1. As tenant user, you will register the trained model in the Kubernetes cluster by creating a ConfigMap resource in the Kubernetes cluster. The ConfigMap object stores metadata about the trained model to be used to make predictions. It contains information such as model name, description, versioning, trained model (serialized) file path (XGB.pickle.dat), and the scoring path that locates a Python script (XGB_Scoring.py) that will be used by the inference deployment engine to deserialize and process the model to generate predicted values (i.e.: predictions) from new input data. 

2. You will then deploy an inference deployment engine cluster using KubeDirector. The inference deployment-engine cluster loads information about the registered model from the ConfigMap object. The inference deployment engine is used to stand up services that will allow client to draw predictions from the model you have registered.

**Definitions:**

- *Model registry:* The trained model to be used is identified and characterized in the Kubernetes cluster by a ConfigMap resource. The integrated model registry enables version tracking and seamless updates to models in production.

- *Model inferences:* The trained model is deployed to a target "inference deployment engine" KubeDirector cluster environment in the Kubernetes cluster to serve predictions and for answering prediction queries from the trained model(s) you registered.


#### Initialize the environment:

Let's first define the environment variables needed to execute this lab part.

In [1]:
#
# environment variables to be verified by the student
#
studentId="student{{ STDID }}" # your Jupyter Notebook student Identifier (i.e.: student<xx>)

studentId="student74"

# fixed environment variables setup by the HPE ECP lab administrator - Please DO NOT MODIFY!!

gateway_host="{{ HPEECPGWNAME }}"
Internet_access="{{ JPHOSTEXT }}"

gateway_host="hpecpgw1.hp.local"
Internet_access="notebooks2.hpedev.io"

JupyterNotebookApp="cr-cluster-jupyter-notebook.yaml" # the Jupyter Notebook KD App manifest you will deploy to build your model
DeploymentEngineApp="cr-cluster-endpoint-wrapper.yaml" # the Deployment engine KD App manifest you will deploy to query your model for answers 
PipelineConfigMap="ml-pipeline-configmap.yaml" # ConfigMap manifest used to register the trained model version 1 
TrainingModel="model-${studentId}"

echo "Your studentId is: "$studentId 

Your studentId is: student74


## Register your trained model

You will need to register the trained model in Kubernetes cluster by creating a ConfigMap resource. The ConfigMap object will be used later in a **Connection** stanza to attach the trained model to the inference deployment engine cluster. The ConfigMap object stores metadata about the trained model to be used to make predictions.

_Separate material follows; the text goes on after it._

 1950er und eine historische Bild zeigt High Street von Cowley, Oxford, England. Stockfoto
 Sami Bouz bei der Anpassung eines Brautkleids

It contains information such as:
* the model name, 
* a label: **kubedirector.hpe.com/cmType: "model"**
* a description, 
* a versioning (for example 1 for the first version of the model) 
* the full path to the trained model (serialized) file (XGB.pickle.dat),
* the full path to the scoring (prediction) script (XGB_Scoring.py) that will be used by the inference deployment engine to load (deserialize) the model and process the model to make predictions from new data (this process is also known as **_scoring_**, hence the name of this python script file). 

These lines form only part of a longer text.